Comme je l’avais supposé, une mise en scène sobre destinée à laisser sa place au texte, tout en le soulignant quand il faut. (Cela semble évident, mais selon qu’un des trois personnages est en fond scène pendant que les deux autres sont à l’avant scène, cela peut souligner les différences de rapport ; ou encore, si les personnages intervertissent les places qu’ils semblent occuper d’habitude cela peut indiquer un basculement important dans le déroulement de l’histoire ; il y a également le rapport qu’un comédien entretient avec un ou plusieurs accessoires…)
Ma compagne était d’accord pour dire que nous avons passé un bon moment de théâtre.
« Et la photo alors ? » pensez-vous en lisant ces quelques lignes. Mais puisque je vous dis que je l’ai loupééée ! Quel dommage, car j’aurais bien aimé capter le regard, l’attitude qu’une des comédiennes a eu à un moment précis. Il s’agissait d’une réaction qu’elle avait en entendant les propos d’une des deux autres.
C’est que Trois dames sur une île déserte est le genre de texte qui nécessite de la part des comédiennes une capacité à écouter vraiment ses partenaires.
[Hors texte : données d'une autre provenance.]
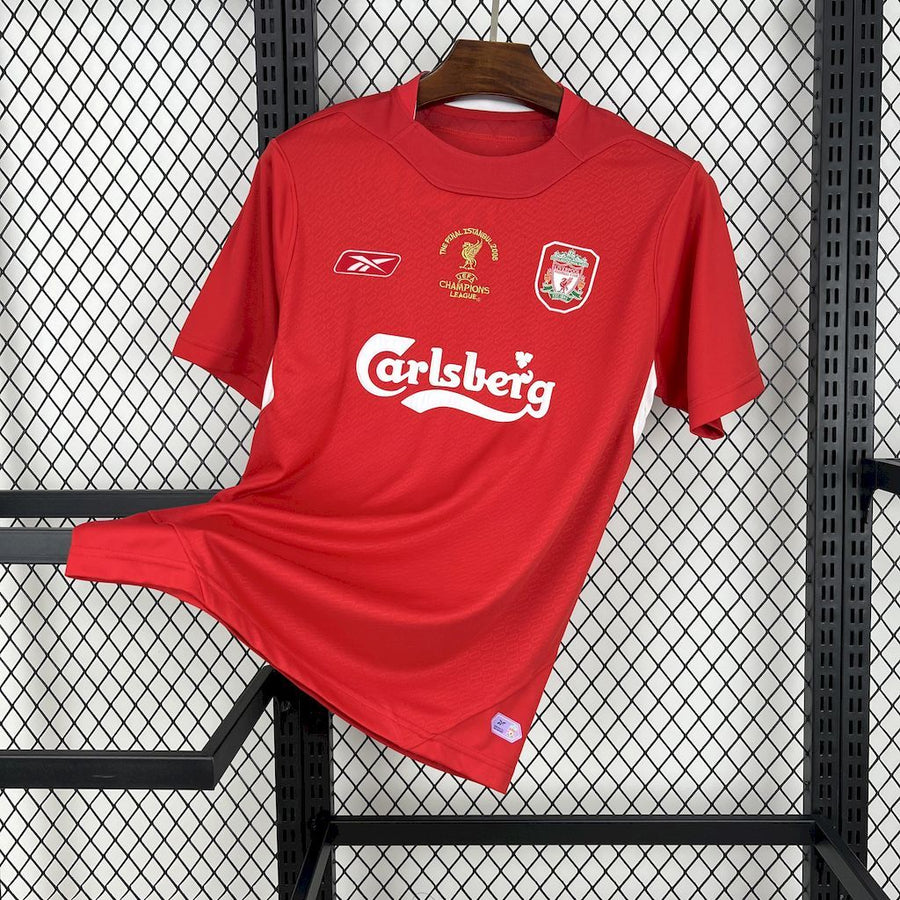 Retro Liverpool Home Shirt 2005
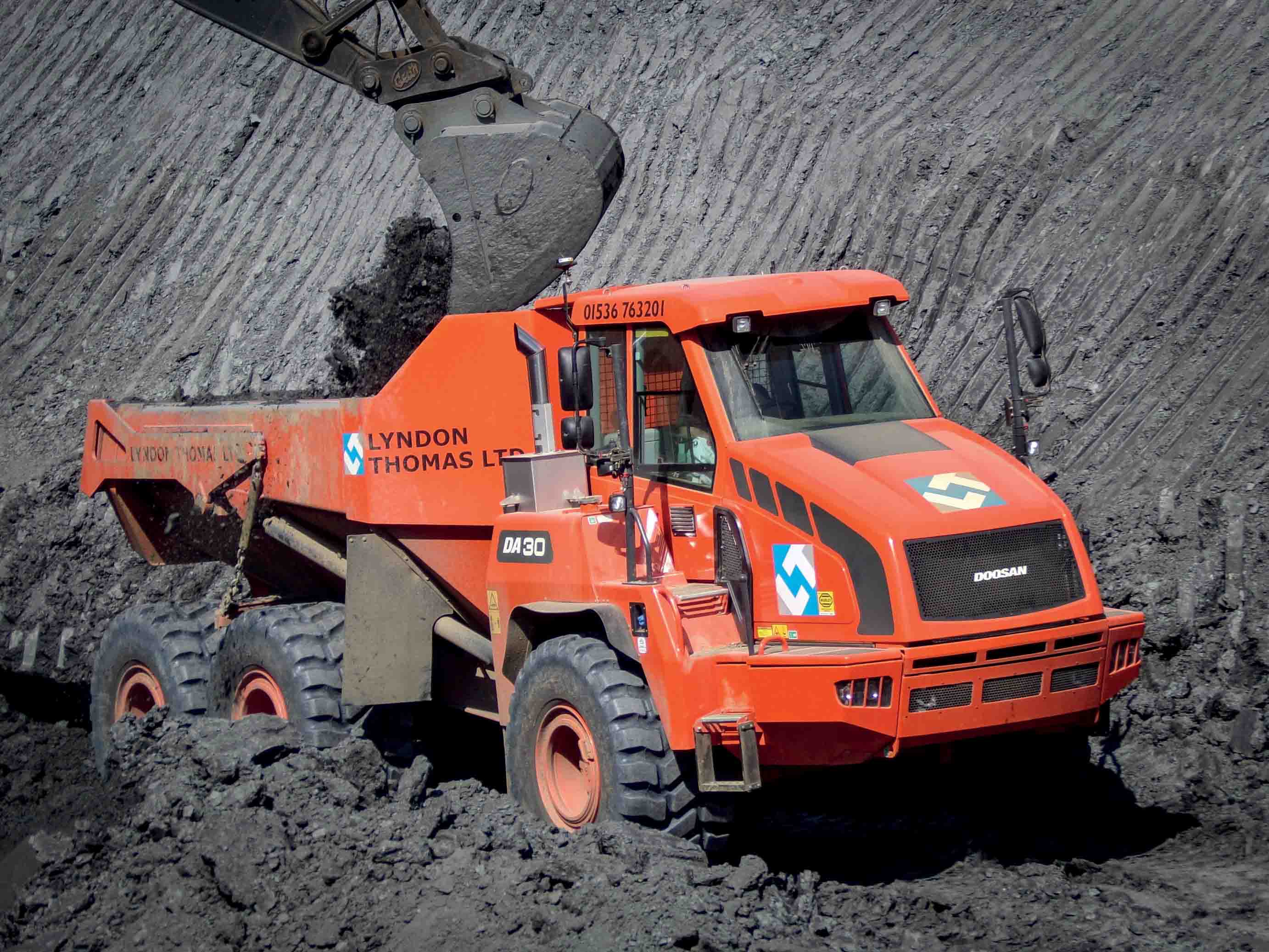 Doosan DA30-5 ADTs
En effet, la situation est tout à fait irréelle : ces trois pauv’Dames attendaient tranquillement un train sur un quai ordinaire lorsqu’elles se sont retrouvées toutes ensemble sur le sable chaud d’une île déserte (ou presque). Quoi de plus banal, n’est-ce pas ? En outre, ces trois personnes viennent chacune d’un univers différent, elles n’ont rien de commun — sauf un secret, qui vous sera révélé si vous allez assister à l’une des représentations…
Alors, il a fallu que chaque comédienne valide les propos des deux autres partenaires par une écoute parfaite. Ainsi, la mise en scène de Christine BERNARD a fonctionné !
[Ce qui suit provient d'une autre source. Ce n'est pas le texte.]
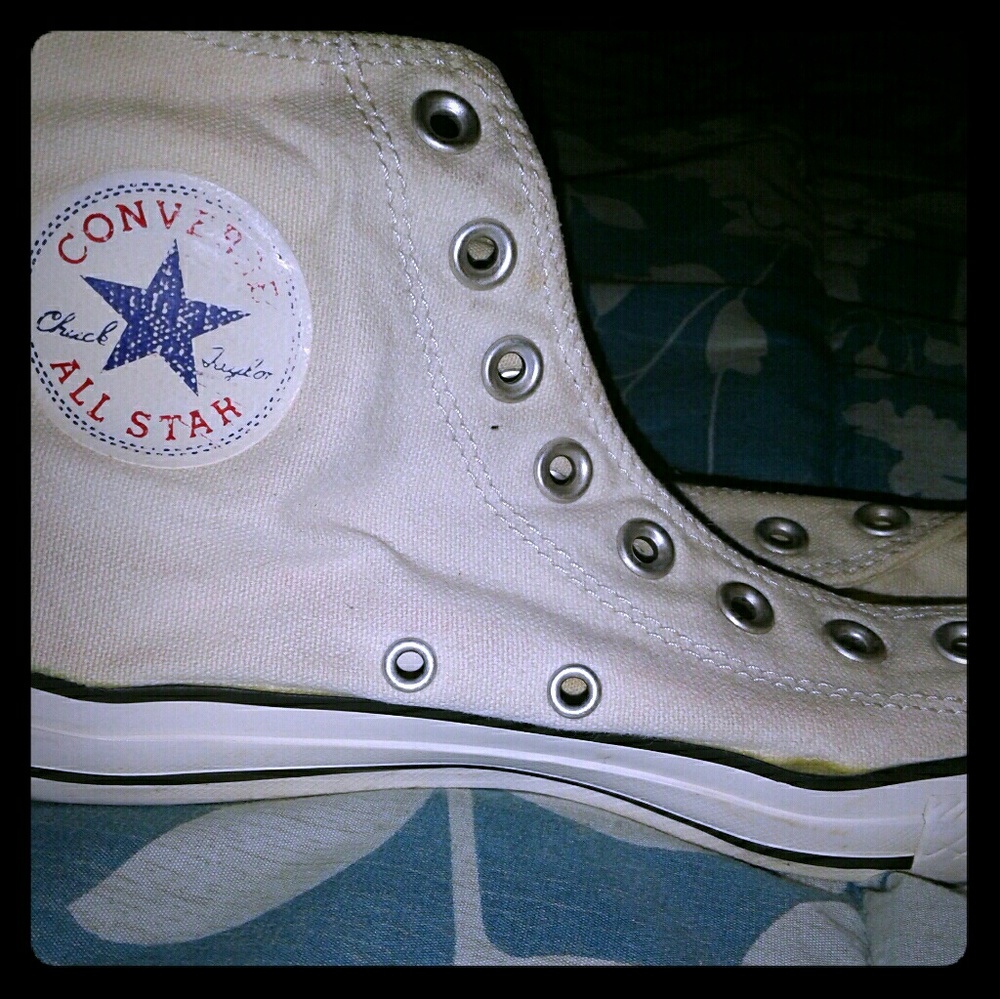 White converse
Et comme je n’ai pas loupé toutes les photos, en voici quatre, en espérant vous donner envie d’aller voir ce spectacle qui tourne depuis un an environs.
Il faudra toutefois attendre le début du mois de mai pour pouvoir en profiter.
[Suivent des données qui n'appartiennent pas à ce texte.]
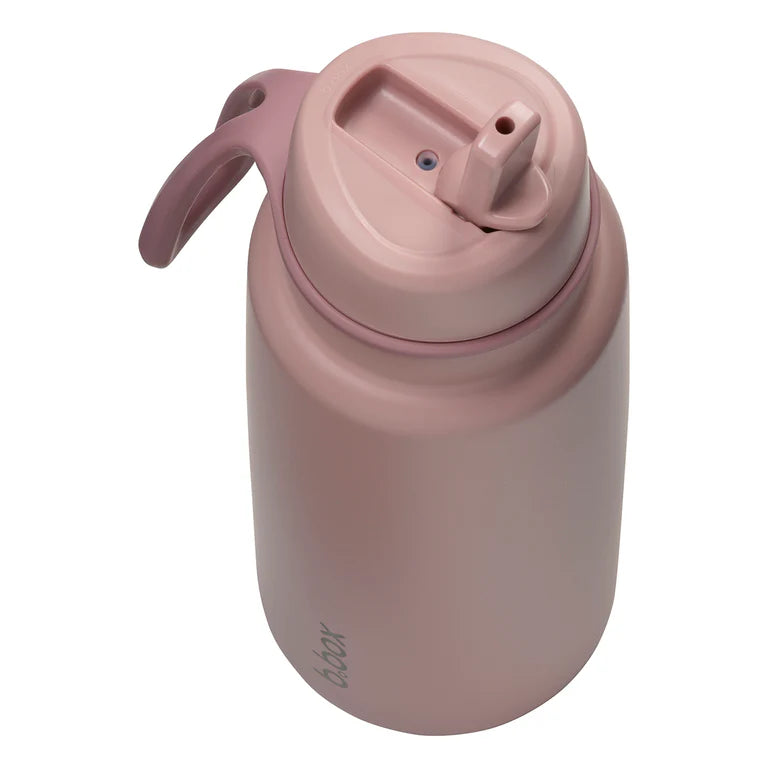 b.box - 1L Insulated Flip Top Drink Bottle - Berry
Je viens de louer un DVD à la médiathèque Louis Nucéra, provenant d’une série d’interviews avec des personnalités du cinéma, réalisées dans les locaux de l’Actor’s Studio. Celui-ci présentait l’acteur Clint EASTWOOD. Modeste, didactique, un humour typique des shows à l’américaine, il répond aux nombreuses questions d’un public déjà conquis. Et à un moment, il souligne l’importance et la difficulté à écouter vraiment ses partenaires, au cinéma comme au théâtre. Il explique même que beaucoup d’acteurs sont capables de bien dire leurs répliques, mais peu savent écouter.
Lorsque c’est à nous de parler, ou d’agir, c’est plus facile de jouer, car on peut se raccrocher à quelque chose de tangible, de physique même. Notre souffle et nos gestes nous permettent d’y croire davantage. Ils sont presque une bouée à laquelle on s’accroche, comme un élève débutant s’accroche au premier accessoire venu pour évacuer son angoisse. Mais lorsqu’on doit seulement écouter ce que d’autres disent, on est démuni. Mais que font mes mains ? Pourquoi ai-je autant de doigts ? Et mes pieds, ne doivent-ils pas bouger ? Ce serait mieux, hein, s’ils bougeaient ? Le public me regarde, c’est certain, il me regarde ne rien faire, il doit penser que je ne joue pas. Si seulement j’avais quelques mots à prononcer, histoire de me cacher derrière…! Mais bon sang que c’est dur d’écouter vraiment ! Les regards se croisent, on sait que l’on joue, on sait que l’autre joue, on sait que l’autre sait…
Henri LEGENDRE, mon premier professeur de théâtre, affirmait que le public regarde davantage celui qui écoute et non pas celui qui parle. A mon avis, je pense qu’il exagérait un peu, mon observation au milieu des spectateurs montrant qu’on regarde surtout la personne qui parle. Toutefois, il est vrai que notre regard effectue des aller et retour entre le locuteur et la ou les personnages qui reçoivent les paroles, afin de valider ce qui est dit. D’où la tentation de faire semblant d’écouter en opinant du chef plus que nécessaire.